I moved here a year ago and have relapsed three times. Each time I have learned from the relapses, each relapse I pushed myself to get more out of my comfort zone but also have realized how powerless I am. My sponsor told me about the obsession of the mind and how we are always craving that first drink. When I’m not drinking, I’m thinking about it, even though I haven’t thought about drinking since December 26. I need to learn to reach out when I’m struggling. It took me three weeks to write this because two weeks ago my roommate died of an overdose. He died in our sober living house. He was acting strange earlier in the evening, but he also had Covid which made it easier for him to isolate. It was too late by the time we could have said something. He had plans to move home, had a girlfriend, yet he was powerless over the drug of his choice. I reached out to him multiple times because he lost a friend to an Overdose two weeks prior and I was worried about him. I mean he did get on my nerves when he asked me to take him to the gas station but that’s because I’m a thirty-one-year male living in a sober-living house with seven other guys. We all get on each other’s nerves from time to time.
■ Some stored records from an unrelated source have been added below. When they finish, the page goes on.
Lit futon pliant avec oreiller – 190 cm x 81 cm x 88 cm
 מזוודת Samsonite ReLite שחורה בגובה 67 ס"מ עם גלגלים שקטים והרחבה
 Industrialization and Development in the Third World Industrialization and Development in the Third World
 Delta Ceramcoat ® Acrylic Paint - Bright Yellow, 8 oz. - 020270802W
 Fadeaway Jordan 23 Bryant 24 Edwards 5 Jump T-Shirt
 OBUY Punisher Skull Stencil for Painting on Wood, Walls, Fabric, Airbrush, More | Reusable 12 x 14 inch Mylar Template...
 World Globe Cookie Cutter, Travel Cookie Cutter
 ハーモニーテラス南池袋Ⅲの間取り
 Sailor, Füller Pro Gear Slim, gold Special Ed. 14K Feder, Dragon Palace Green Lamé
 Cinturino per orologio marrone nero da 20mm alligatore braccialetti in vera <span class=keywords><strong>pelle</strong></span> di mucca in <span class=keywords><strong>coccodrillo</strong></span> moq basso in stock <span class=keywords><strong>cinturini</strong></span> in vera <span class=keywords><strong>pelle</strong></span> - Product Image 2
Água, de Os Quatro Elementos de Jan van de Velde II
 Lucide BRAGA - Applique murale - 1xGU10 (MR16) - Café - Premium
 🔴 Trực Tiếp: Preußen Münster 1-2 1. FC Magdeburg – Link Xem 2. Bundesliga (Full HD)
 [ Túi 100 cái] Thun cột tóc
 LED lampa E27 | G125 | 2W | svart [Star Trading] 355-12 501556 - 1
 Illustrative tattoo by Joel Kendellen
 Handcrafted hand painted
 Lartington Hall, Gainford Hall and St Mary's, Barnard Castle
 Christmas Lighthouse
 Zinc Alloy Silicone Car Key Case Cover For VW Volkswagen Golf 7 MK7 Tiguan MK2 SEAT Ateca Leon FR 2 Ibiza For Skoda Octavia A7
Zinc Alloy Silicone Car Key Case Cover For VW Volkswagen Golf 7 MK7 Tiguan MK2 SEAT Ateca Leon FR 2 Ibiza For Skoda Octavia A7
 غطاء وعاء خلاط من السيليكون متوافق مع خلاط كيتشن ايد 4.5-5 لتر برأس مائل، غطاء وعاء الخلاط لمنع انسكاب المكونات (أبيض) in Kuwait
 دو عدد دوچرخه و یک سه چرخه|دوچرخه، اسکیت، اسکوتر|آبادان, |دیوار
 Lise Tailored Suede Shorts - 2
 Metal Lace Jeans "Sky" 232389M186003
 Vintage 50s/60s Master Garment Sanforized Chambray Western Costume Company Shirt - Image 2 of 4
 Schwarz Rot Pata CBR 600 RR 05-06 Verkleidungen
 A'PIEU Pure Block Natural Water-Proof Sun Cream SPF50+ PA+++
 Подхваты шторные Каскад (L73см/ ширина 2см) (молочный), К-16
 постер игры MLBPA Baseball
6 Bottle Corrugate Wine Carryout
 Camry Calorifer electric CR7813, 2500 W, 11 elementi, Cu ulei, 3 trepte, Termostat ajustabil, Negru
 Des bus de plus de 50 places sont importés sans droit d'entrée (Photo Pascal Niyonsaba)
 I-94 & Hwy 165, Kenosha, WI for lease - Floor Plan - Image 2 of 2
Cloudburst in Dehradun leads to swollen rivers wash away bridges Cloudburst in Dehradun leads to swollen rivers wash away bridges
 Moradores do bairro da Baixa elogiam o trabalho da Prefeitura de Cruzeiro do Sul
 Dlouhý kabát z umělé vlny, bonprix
It’s not all rainbows and unicorns. The three months I knew Phill, I told him my whole story, he knew about my whole life since 2013 and now he is gone. I would have done anything for him, he gained my trust quickly. Unfortunately, he is just a statistic in fentanyl overdoses in America now, but to me he will always be that guy that put a smile on my face when I was having a tough day. He will always be that guy that changed my recovery for the better. People move on with their lives, as they should. But that pain will always be with me. As it will be with my brothers at this house. I love this group of guys more than ever. I’m never going to forget that night just like the day my dad died, or when I found out JJ killed himself. As long as I know I'm powerless over the first sip, I think I'll be alright.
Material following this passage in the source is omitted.